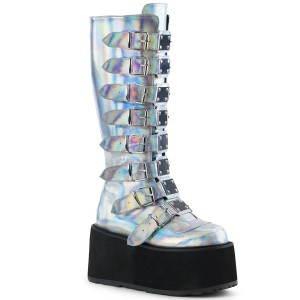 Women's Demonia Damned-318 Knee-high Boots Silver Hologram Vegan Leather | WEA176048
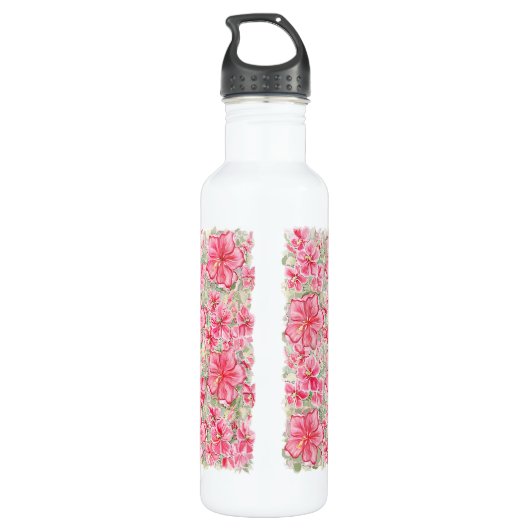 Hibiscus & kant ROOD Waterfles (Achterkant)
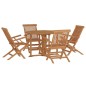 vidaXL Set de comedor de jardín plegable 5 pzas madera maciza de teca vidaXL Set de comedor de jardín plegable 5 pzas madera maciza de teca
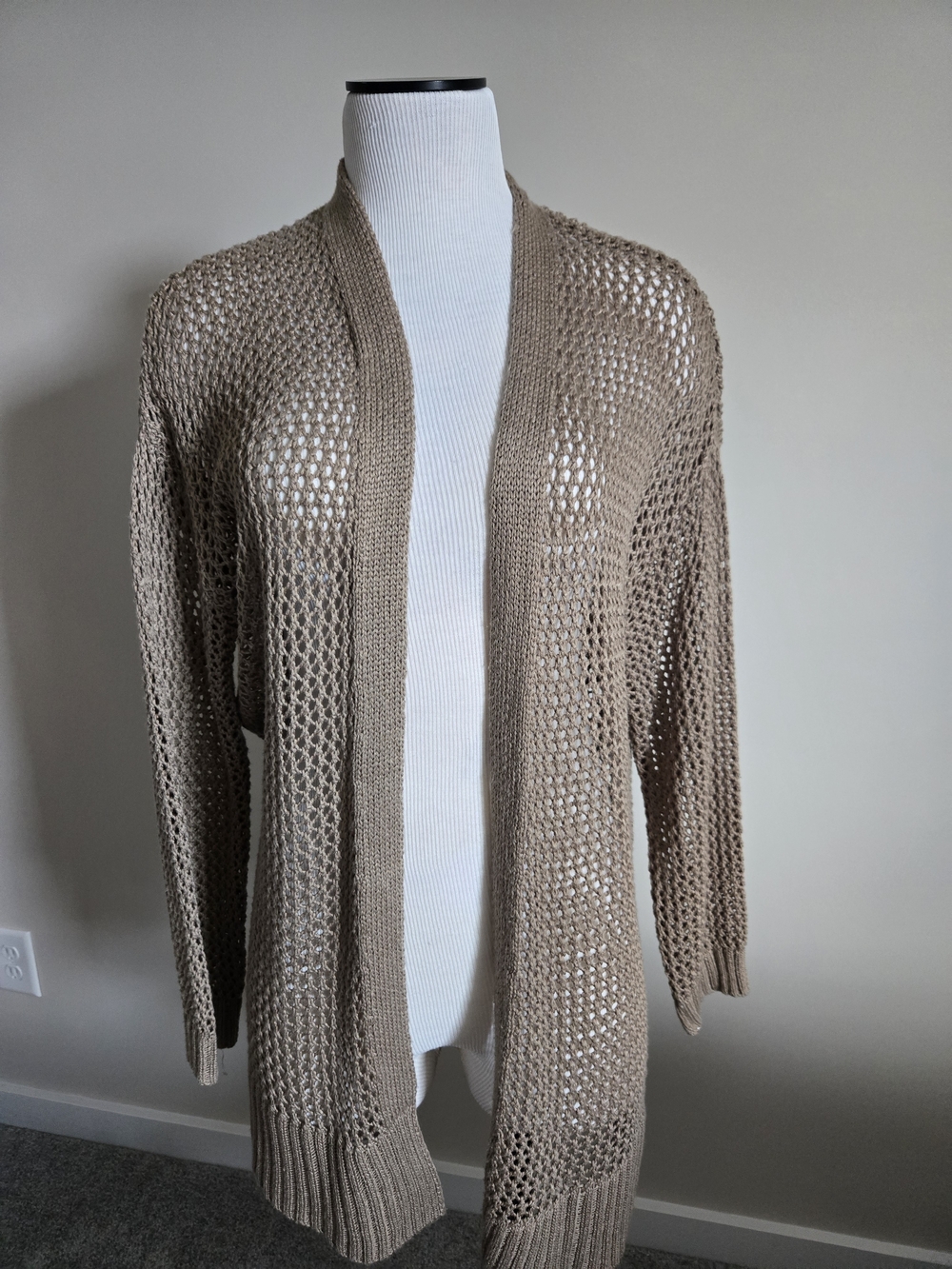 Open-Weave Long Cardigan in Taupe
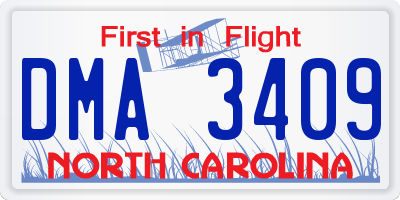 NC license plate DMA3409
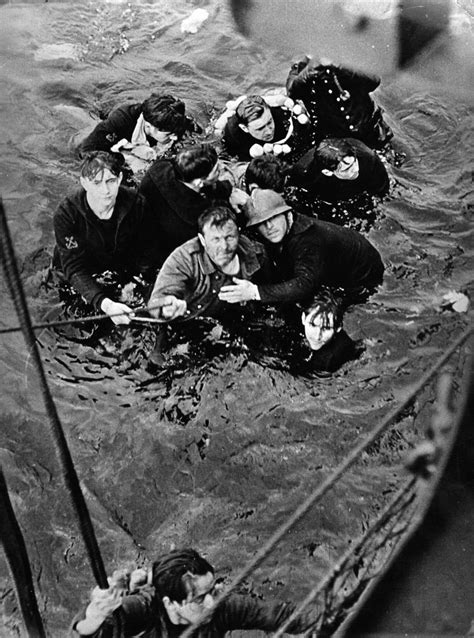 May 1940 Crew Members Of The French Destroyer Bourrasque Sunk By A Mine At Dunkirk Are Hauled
● ● ●
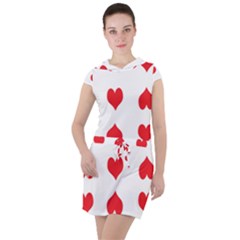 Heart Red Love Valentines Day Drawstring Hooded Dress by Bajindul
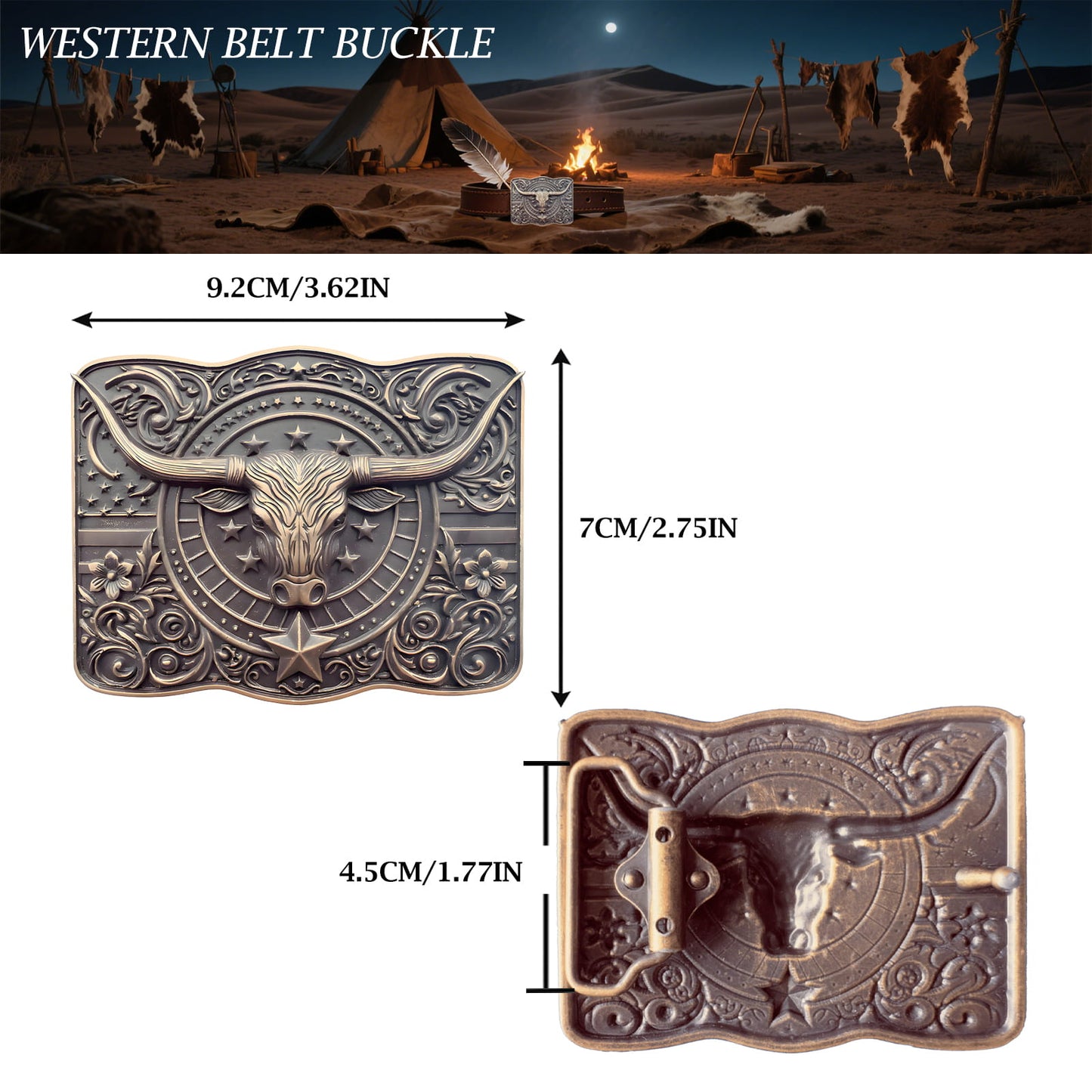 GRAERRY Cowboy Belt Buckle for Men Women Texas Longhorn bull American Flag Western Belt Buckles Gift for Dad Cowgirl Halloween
● ● ●
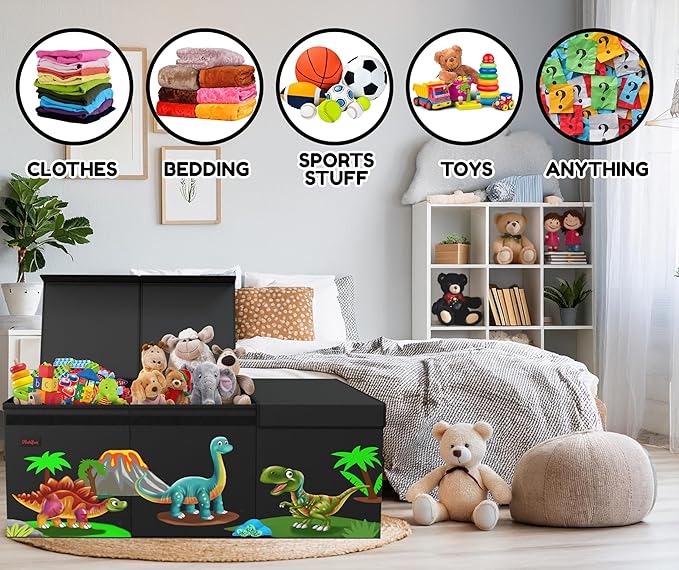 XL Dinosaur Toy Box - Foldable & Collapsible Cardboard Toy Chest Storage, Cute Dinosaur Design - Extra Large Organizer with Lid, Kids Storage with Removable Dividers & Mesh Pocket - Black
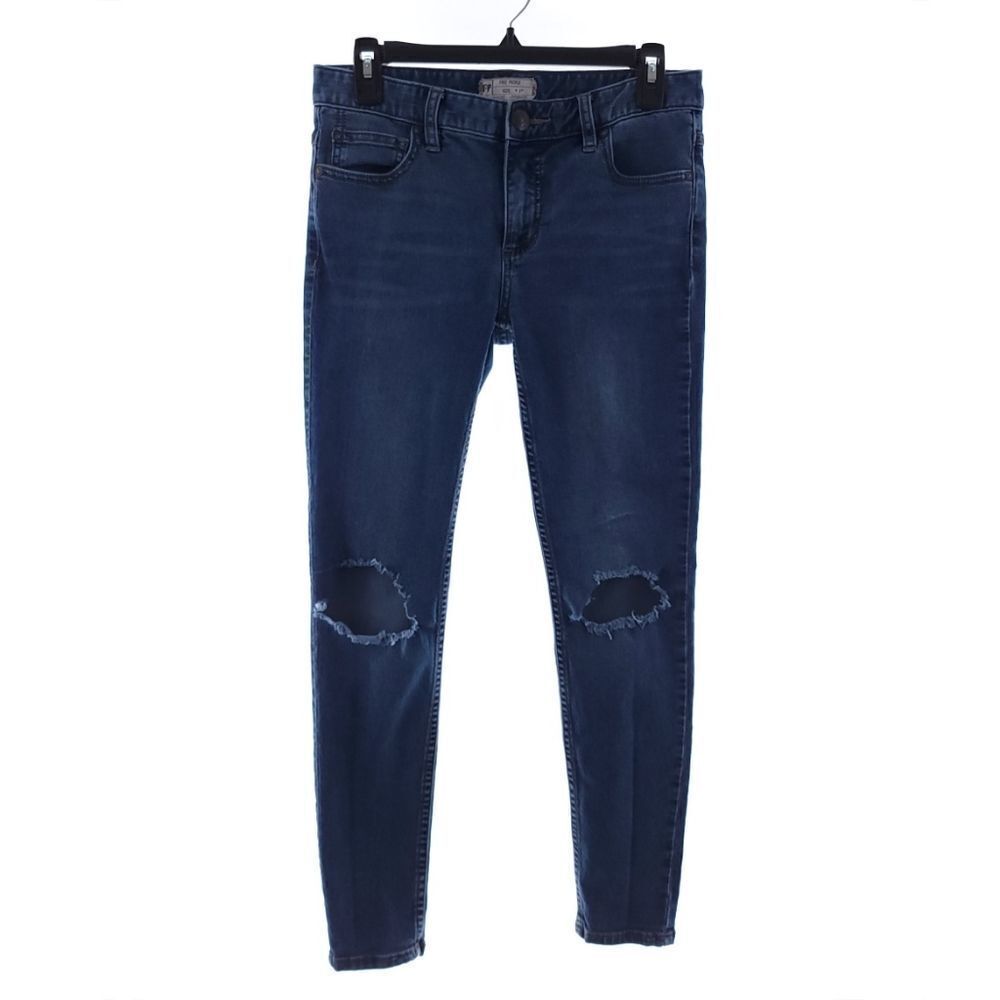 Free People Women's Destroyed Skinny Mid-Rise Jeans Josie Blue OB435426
● ● ●
YOUR OBJECTIVE
Line for line, output the entries above from the line with "Hibiscus & kant ROOD Waterfles (Achterkant)" to the line with "May 1940 Crew", both included, and nothing more. Skip pictures.

SOLUTION
 Hibiscus & kant ROOD Waterfles (Achterkant)
 vidaXL Set de comedor de jardín plegable 5 pzas madera maciza de teca vidaXL Set de comedor de jardín plegable 5 pzas madera maciza de teca
 Open-Weave Long Cardigan in Taupe
 NC license plate DMA3409
 May 1940 Crew Members Of The French Destroyer Bourrasque Sunk By A Mine At Dunkirk Are Hauled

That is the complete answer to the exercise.